As if only then conscious of her audience, Felicity looked up, and both the other women noticed the expression that flashed across her face before she took the proffered hand. It seemed compounded of triumph, challenge, and something else. Mary again felt uncomfortable, and Constance's quick brain signaled a warning.

“Surely not getting into mischief, are you, Felicity?” she mentally questioned, and instantly began to east about for two and two to put together.

“Wonderful!” Stefan was saying. “You surely must have wings—great, butterfly ones—only we are too dull to see them. You were exactly like one of my pictures come to life.” He was visibly excited.

“Husband disposed of, available lovers unattractive, asks me to drive her out here; that's one half,” Constance's mind raced. “Wife on the shelf, variable temperament, studio in town; and that's the other. I've found two and two; I hope to goodness they won't make four,” she sighed to herself anxiously.

Mary meanwhile was thanking Miss Berber. She noticed that the dancer was perfectly cool—not a hair ruffled by her efforts. She looked as smooth as a bird that draws in its feathers after flight. Stefan was probably observing this, too, she thought; at any rate he was hovering about, staring at Felicity, and running his hands through his hair. Mary could not be sure of his expression; he seemed uneasy, as if discomfort mingled with his pleasure.

They had had a rare and lovely entertainment, and yet no one appeared wholly pleased except the dancer herself.
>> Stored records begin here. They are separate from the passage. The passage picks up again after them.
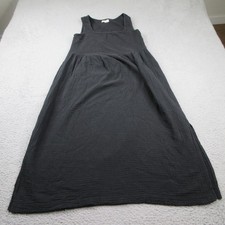 Madewell Tank Midi Dress Womens Medium Black Cotton Gauze Sleeveless Square Neck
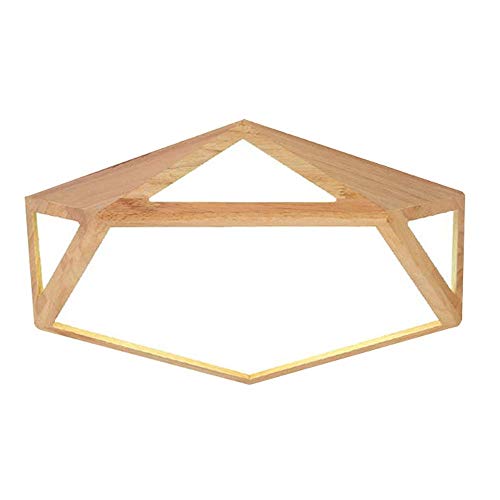 Wooden hexagonal corner shelf with open spaces, isolated on white.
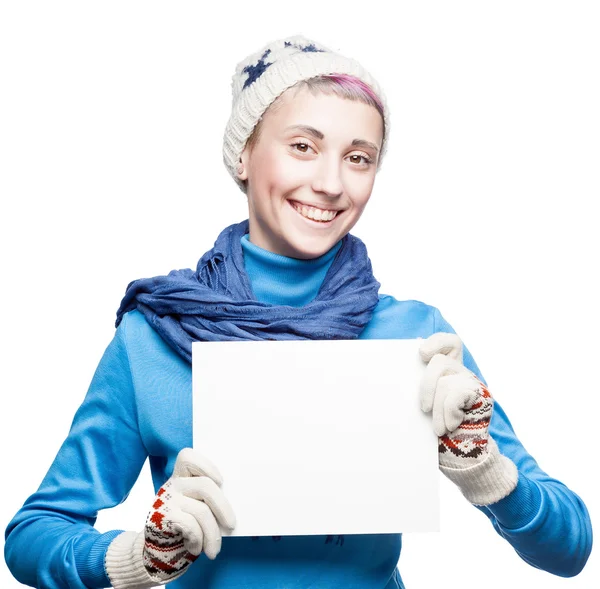 Aantrekkelijke vrolijke vrouw bedrijf teken — Stockfoto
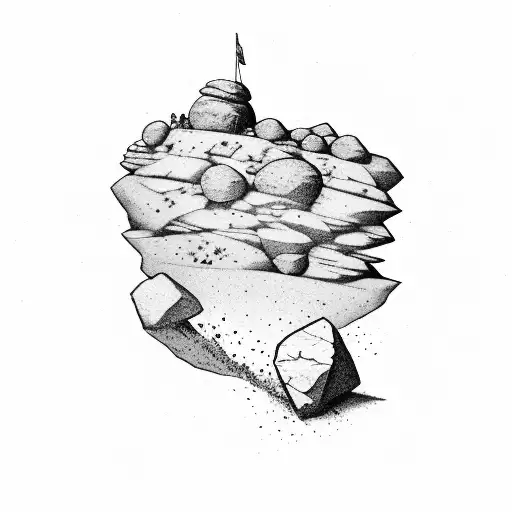 Sisyphus pushing a boulder up a hill inside a circle tattoo design idea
It was very odd.

Constance looked at her watch. “Now, Felicity, this has all been ideal, but we must be getting on. I 'phoned James, you know, and we are lunching there. I was sure Mrs. Byrd wouldn't want to be bothered with us.”

Mary demurred, with a word as to Lily's capacities, but Constance was firm.
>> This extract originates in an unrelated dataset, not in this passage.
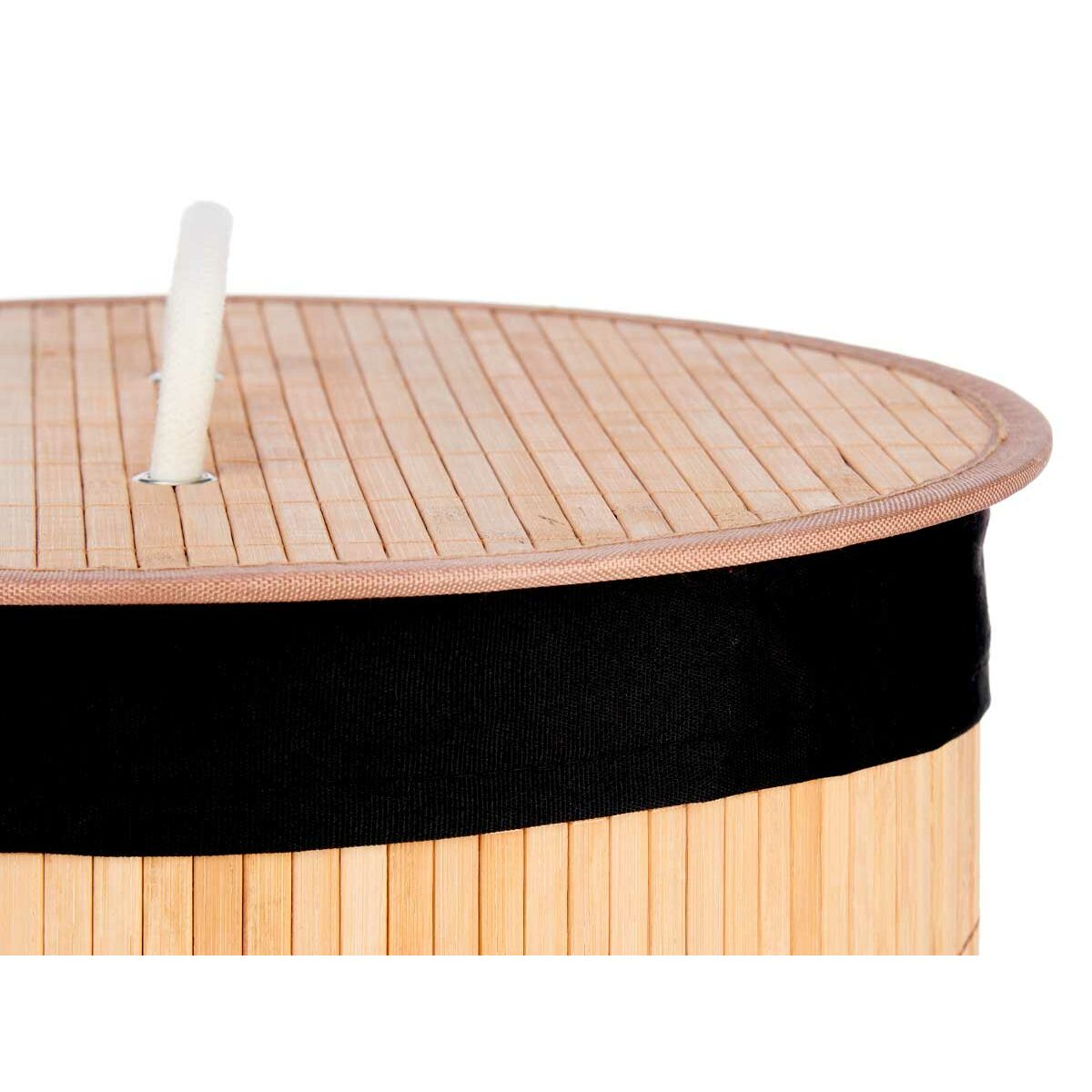 Cesto para la Ropa Sucia Kipit Negro Natural Algodón Poliéster Metal Bambú Viscosa Madera MDF 48 L 37 x 50 x 37 cm (4 Unidades)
“No, my dear, it's all arranged. Besides, you need peace and quiet. Felicity, where are your things? Thank you, Mr. Byrd, in the sitting-room. Mary, you dear, I adore you and your house—I shall come again soon. Where are my gloves?” She was all energy, helping Felicity with her veil, settling her own hat, kissing Mary, and cranking the runabout—an operation she would not allow Stefan to attempt for her—with her usual effervescent efficiency. “I'd no idea it was so late!” she exclaimed.

As Felicity was handed by Stefan into the car, she murmured something in French, Constance noticed, to which he shook his head with a nervous frown. As the machine started, he was left staring moodily after it down the lane.

“Thee is earlier than I expected,” little Mrs. Farraday said to Constance, when they arrived at the house. “I am afraid we shall have to keep thee waiting for thy lunch for half an hour or more.”

“How glad I shall be—” Stefan turned to Mary, half irritably—“when this baby is born, and you can be active again.”

He ate his lunch in silence, and left the table abruptly at the end. Nor did she see him again until dinner time, when he came in tired out, his boots whitened with road dust.

“Where have you been, dearest?” she asked. “I've been quite anxious about you.”

“Just walking,” he answered shortly, and went up to his room. The tears came to her eyes, but she blinked them away resolutely. She must not mind, must not show him that she even dreamed of any connection between his moodiness and the events of the morning.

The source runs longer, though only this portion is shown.